Christmas decorations had also been taken down outside churches and prayers were read for the dead.
"I would like to condole our sons in Alexandria for the martyrdom of a large number of innocent people, who had committed no sin," said Pope Shenouda III, the head of the Coptic Church, in proceedings at St Mark's Cathedral in the capital.
Several government ministers and the President Hosni Mubarak's two sons, Gamal and Alaa, attended the packed service that was carried live on Egyptian television.
'Live together, die together'
At churches across the country, Muslims heeded calls to join Christian friends and neighbours for Mass - to act as shields against potential attacks by Islamist militants, and to show solidarity.
"I came because I condemn what's happening," said Jailan Batanouni, a Muslim at St Mary's church in the Zamalek district of Cairo.
"I want to share Christmas with my Christian friends to tell them not be afraid.
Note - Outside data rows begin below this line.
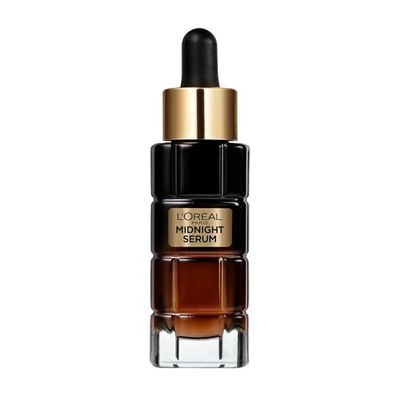 L'Oréal Paris, Siero Viso Midnight, Per Pelli Mature, Azione Anti-Età, Incarnato Levigato e Rughe Ridotte, Con Complesso Antiossidante e Vitamina E, Age Perfect Renaissance Cellulaire, 30 ml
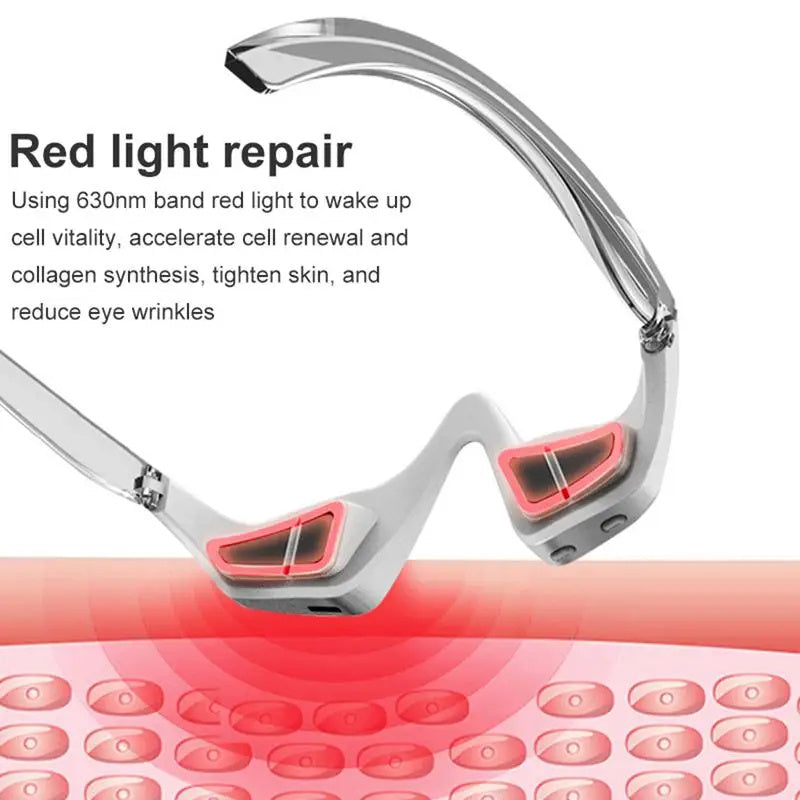 3D Micro-Current Pulse Eye Relax Reduce Wrinkles And Dark Circle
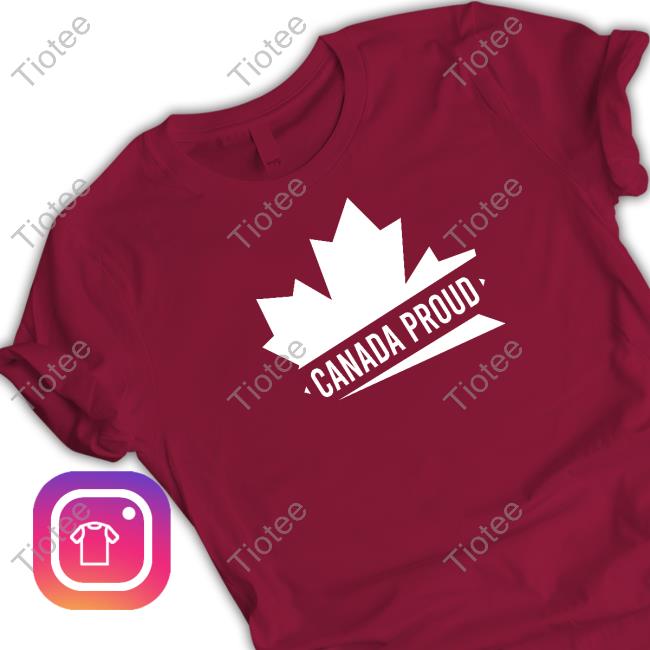 Canada Proud Signature Tank Top Canada Proud Merch Store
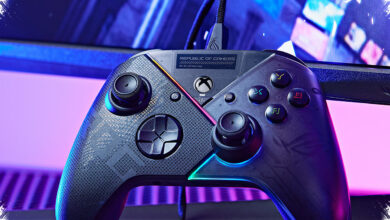 Asus Siapkan Controller ROG Baru, Layar Kecilnya Bocorkan Polling Rate 8000Hz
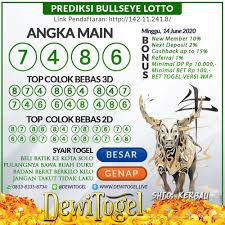 Togel Wap Prediksi Bullseye Minggu 14 Juni 2020 Jepang 26 Agustus November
If anything should happen we live together and we die together."
Some activists printed T-shirts showing the religious symbols of the two main faiths in Egypt - the Christian cross and the Muslim crescent - emblazoned with the words: "The sky of Egypt covers us all."
Al-Qaeda in Iraq had threatened Egyptian Christians in the weeks leading to the religious holiday. Extremist websites also posted names and addresses of suggested Coptic targets, raising concerns about a follow-up attack.
Yet the large congregations seen on Thursday suggest that Christians did not stay away from church.
"We won't stop coming because they blew up another church. That's just what they want," stressed Jan Mehany.
"I think this has just brought us closer to Jesus. Even people who don't normally come to church came here today."
Sami Abdul Messi, who lives close to St Mark's, said: "Whatever happens I must go to church.
"If they try to shoot me or blow me up I will still go because this is my religion. It is the birthday of our saviour, Jesus Christ."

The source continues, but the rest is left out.